Picking up the book was the easy part. I went to my local Barnes and Noble and enquired if they happened to have a book called Modern Romance in stock. A kind employee looked it up for me and said, “Oh yes. I knew I recognized that one.” She went to the featured section and handed me what I was looking for. The enthusiasm in her voice was clear, as if she knew that this book could have impact on a hapless, dog-hair covered single who strolled in looking for answers, and laughs. If my late-night Netflix experiences have told me anything, it’s that Aziz Ansari usually delivers.
Granted, I am most certainly biased. I have watched all of Aziz’s stand up specials, caught him in as many movies as he is been in (I think), and binged through Parks and Rec in short order. Simply put, I am a fan of the man. That being said, I was very much unsure of what a stand-up comedian and all around funny man could inform me about the dating world.

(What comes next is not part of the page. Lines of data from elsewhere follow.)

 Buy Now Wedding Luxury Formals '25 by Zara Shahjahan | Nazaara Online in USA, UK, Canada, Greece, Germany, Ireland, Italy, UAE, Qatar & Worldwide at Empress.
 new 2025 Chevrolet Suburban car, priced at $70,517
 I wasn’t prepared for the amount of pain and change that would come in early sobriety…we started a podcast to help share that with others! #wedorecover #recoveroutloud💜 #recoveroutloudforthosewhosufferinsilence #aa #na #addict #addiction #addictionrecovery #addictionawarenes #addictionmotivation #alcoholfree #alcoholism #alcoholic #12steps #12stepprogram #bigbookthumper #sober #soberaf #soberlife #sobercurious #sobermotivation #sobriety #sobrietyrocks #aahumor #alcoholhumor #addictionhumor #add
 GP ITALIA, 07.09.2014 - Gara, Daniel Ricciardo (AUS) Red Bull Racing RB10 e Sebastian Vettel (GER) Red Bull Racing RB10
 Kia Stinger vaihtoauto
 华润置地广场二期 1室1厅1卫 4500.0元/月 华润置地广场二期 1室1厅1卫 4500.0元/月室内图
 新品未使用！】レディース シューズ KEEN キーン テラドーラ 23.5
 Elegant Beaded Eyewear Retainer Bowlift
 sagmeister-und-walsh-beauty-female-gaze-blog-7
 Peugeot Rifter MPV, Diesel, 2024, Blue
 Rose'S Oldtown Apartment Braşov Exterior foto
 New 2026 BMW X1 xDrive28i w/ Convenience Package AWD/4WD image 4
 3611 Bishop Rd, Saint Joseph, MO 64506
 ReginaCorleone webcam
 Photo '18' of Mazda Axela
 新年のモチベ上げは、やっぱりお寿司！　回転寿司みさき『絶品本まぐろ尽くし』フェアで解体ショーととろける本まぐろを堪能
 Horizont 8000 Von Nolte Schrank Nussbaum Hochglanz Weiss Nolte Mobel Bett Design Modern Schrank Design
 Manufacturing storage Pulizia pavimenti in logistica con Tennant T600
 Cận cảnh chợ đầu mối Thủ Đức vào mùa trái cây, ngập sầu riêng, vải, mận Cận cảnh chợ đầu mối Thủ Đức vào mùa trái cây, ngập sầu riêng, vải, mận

Whether you are single like I am, in a committed relationship, or somewhere in between, I think Aziz’s insights can help in terms of perspective and goals. While reading Modern Romance, I noticed myself stepping back and questioning what I’m looking for out there and if I am putting the right vibes out there to get it. That is a revelatory experience, and one that has instilled some invaluable confidence in my direction.
Ansari’s voice and comedic take on things shines through brilliantly. I found myself laughing at least once a page at some short quip or drawn out example he conjured to prove a point. (If you can’t laugh a little, your life probably is not what it should be). Even with a topic as serious as dating and relationships, being able to look at past failures and flops and laugh will improve your outlook on the future. The book is not all laughs, though. The jokes are complemented by a bevy of scholarly research by professors and social scientists that help to legitimize Ansari’s conclusions about the current dating scene.
In short, Ansari is out to prove that today’s dating scene and culture is uniquely challenging. Given our multitude of incredible options—phones, Internet, apps, bars or casual space flight (well, at least I’m hoping)—it is no surprise that dating has become a highly frustrating and exhausting effort for many. While there is not one fool proof solution to this laundry list, Ansari gives a ton of insight and suggestions as to how to make the best of searching for your soulmate. Since reading the book, I find myself making a conscious effort to make use of his suggestions in my everyday life. With that, I think I might find a little bit more happiness, or at least laugh more, when my friends ask, “How’s the single life treating you?”